The company started execution of the transfer in around October. Despite the presence of Mughal officials, the Choudhury proved unwilling to part with the lands and threatened to complaint Aurangzeb about Azim-ush-Shan's ways. So, the Company proposed to pay them an additional 500 Rupees, if they consented in writing about relinquishing all claims to the lands permanently. On 9 November 1698, the bainama (transfer-deed) was finally executed in tune with what the Company sought; the Choudhury sold all of their rights to Charles Eyre for a renegotiated sum of 1300 Rupees. On 3 February 1699, Diwan Khan issued a parwana declaring the transfer deed to be operative; thenceforth, the Mughals were to recognize the Company as the permanent taluqdars. (Note: This terminology can be confusing, if read against B. R. Grover's documentation of revenue structure in Bengal Subah: taluqdars and above them, the zamindars, who paid the Mughal exchequer with "group tax". A relic of Akbar's land policies, the differences between the two classes seem to have been minimal by Aurangzeb's time; the EIC certainly had no local overlord(s) and paid the taxes to Mughals.)

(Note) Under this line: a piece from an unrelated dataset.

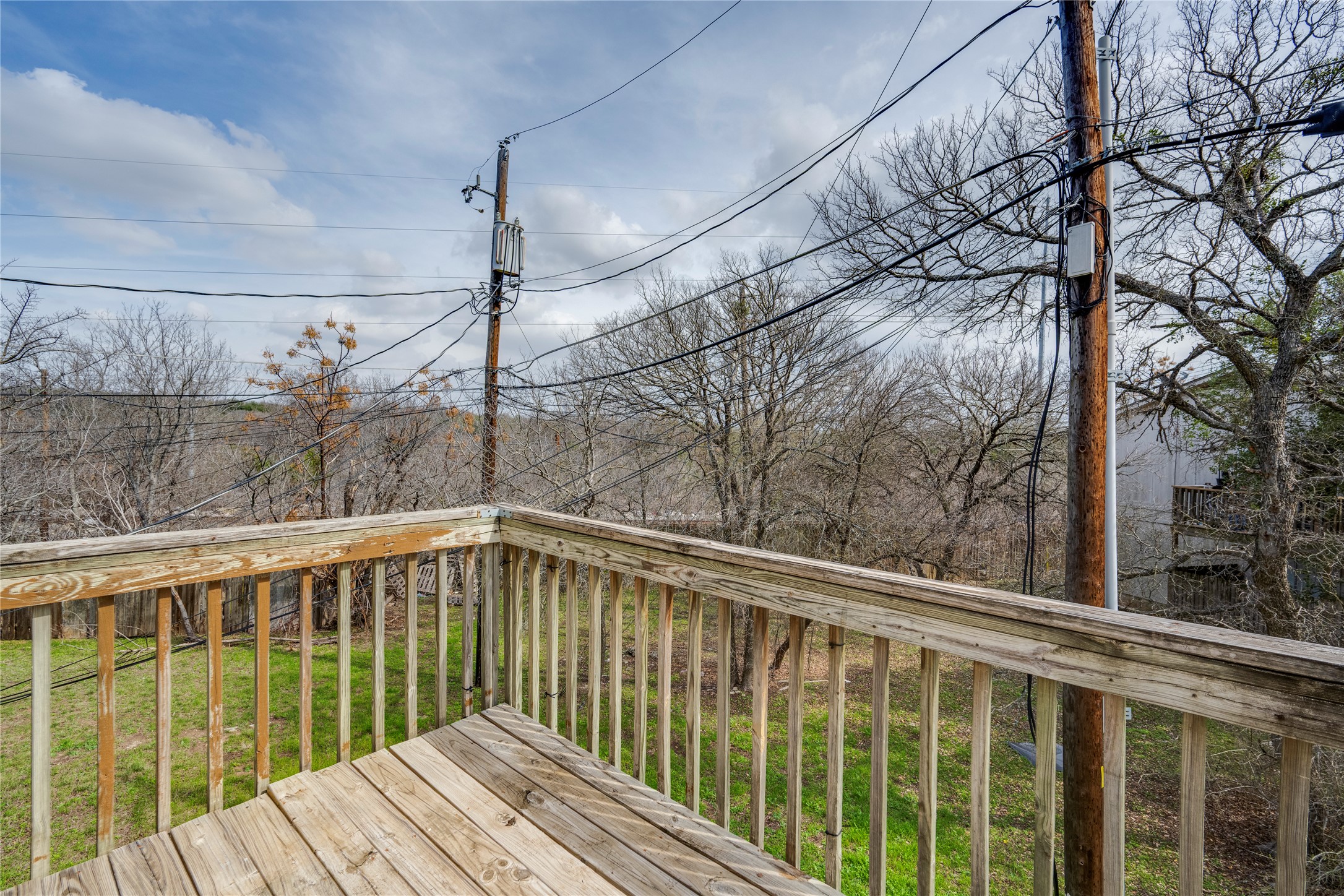 11907 Alpheus Avenue, Unit D Austin, TX 78759 - Photo 22 of 26 a view of a balcony with wooden floor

The Choudhurys moved to Barisha soon after the sale. This pioneer purchase of zamindari would become a keystone for the British ascendency in South Asia; within a century, the three villages merged with one another and other adjacent territories under the Company administration, to form the modern town of Calcutta, what would serve as the capital of British India till 1911.

==== Analysis ====
The transfer of Zamindari rights proved to be a deviation from the usual customs; prior, the Mughals had seldom bothered with negotiating the sale of zamindaris and usually gave the involved tax-farmers a free hand. This micromanagement is popularly attributed to the Company's showering of a variety of gifts on Azim-ush-Shan as well as his relatives and officials. However, the gifts — being mostly in the form of nazrana or peshkash — are not perceptible as bribes and were anyway too meager for the concessions decreed.

== Durga Puja ==
The Sabarna Roy Choudhurys were one of the earliest to hold the public festival of Durga Puja — apparently, in 1610.

== Museum ==
Sabarna Sangrahashala, a heritage museum in Kolkata is run by the family.